Le jour où Éliane avait pu quitter sa chambre pour la première fois, Castello l’avait fait prier de dîner avec lui. Éliane ne crut pas devoir refuser ; M. Castello avait été si admirable de générosité et de bonté qu’elle serait heureuse d’avoir l’occasion de lui dire combien elle lui était reconnaissante.

À l’heure du dîner, Lucia vint chercher Éliane et la conduisit à la salle à manger, pièce luxueuse, où Castello l’attendait en feuilletant un journal.

« Quel bonheur de vous savoir complètement revenue à la santé, Mlle  Lecour ! » dit Castello, en apercevant la jeune fille.

— « Merci, M. Castello, » répondit Éliane. « La santé est un grand bienfait et je l’apprécie certainement. »

Castello conduisit Éliane à table, la plaçant vis-à-vis lui et elle ne fut pas peu surprise de voir Lucia prendre place à table entre elle et Castello. Qui était cette femme ?… Éliane n’aimait pas beaucoup Lucia ; il y avait quelque chose de faux dans son regard… d’ailleurs, elle avait toujours l’air de surveiller la jeune fille, comme si elle obéissait à un ordre reçu.

Pendant le dîner, servi par Goliath et Samson, on causa peu ; mais au dessert, Castello fit un signe aux domestiques et ceux-ci se retirèrent.

« M. Castello, » dit Éliane, « je n’ai pas eu l’occasion encore de vous remercier pour tout ce que vous avez fait pour ma pauvre chère maman et pour moi… Je… »

— « N’en parlons pas, Mlle  Lecour… Hélas ! votre pauvre maman, rien n’a pu la sauver… »

— « Mais elle est morte au milieu de soins et de confort et pour cela, je vous serai reconnaissante toute ma vie… Maintenant M. Castello, si vous vouliez mettre le comble à vos bontés en m’aidant à trouver un emploi à Smith’s Grove… ou ailleurs… Il me faut gagner ma vie… Peut-être pourriez-vous… »

— « Mais, Mlle  Lecour, » s’écria Castello, affectant un grand étonnement, « ne savez-vous pas que votre avenir a été décidé, en quelque sorte, entre votre mère et moi ? »

— « Mon avenir décidé ? » murmura Éliane. » Je ne comprends pas bien… »

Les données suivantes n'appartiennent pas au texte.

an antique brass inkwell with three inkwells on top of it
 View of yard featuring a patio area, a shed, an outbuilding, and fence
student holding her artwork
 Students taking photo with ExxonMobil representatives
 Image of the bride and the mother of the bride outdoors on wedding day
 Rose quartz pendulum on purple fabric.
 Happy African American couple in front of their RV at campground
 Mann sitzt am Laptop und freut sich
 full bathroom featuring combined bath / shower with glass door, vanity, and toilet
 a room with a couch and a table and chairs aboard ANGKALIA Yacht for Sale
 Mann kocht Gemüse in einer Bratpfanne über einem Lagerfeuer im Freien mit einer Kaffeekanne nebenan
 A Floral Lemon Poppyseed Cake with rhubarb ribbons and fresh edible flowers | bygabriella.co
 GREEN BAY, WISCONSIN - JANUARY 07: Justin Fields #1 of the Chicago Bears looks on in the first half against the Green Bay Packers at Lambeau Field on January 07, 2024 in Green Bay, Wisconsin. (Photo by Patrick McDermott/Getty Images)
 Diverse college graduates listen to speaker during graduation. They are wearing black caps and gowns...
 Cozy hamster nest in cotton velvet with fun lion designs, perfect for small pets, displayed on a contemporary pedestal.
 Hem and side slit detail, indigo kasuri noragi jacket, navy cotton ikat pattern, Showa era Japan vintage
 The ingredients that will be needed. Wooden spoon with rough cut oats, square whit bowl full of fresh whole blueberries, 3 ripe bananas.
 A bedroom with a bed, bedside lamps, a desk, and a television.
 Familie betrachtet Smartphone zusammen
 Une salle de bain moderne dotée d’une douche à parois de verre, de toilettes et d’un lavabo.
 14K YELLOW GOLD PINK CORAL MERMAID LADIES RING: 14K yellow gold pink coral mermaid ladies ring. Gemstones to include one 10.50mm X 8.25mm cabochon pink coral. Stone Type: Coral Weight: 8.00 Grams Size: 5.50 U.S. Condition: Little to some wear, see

— « Voici, Mlle Lecour : vous vous souvenez que, la veille de sa mort, Mme Lecour m’a fait venir auprès d’elle et qu’elle m’a entretenu assez longtemps ? »

— « Oui, je m’en souvienne. Mais j’ai supposé qu’elle avait voulu vous remercier de votre grande bonté. »

— « Certes, Mme Lecour a parlé du service que je lui avais rendu ; mais elle m’a parlé surtout de vous, Mlle Éliane… Votre avenir l’inquiétait… et elle m’a demandé si je pourrais vous trouver un emploi quelconque ici. »

— « Ici ! Dans cette caverne ! Impossible ! » cria Éliane.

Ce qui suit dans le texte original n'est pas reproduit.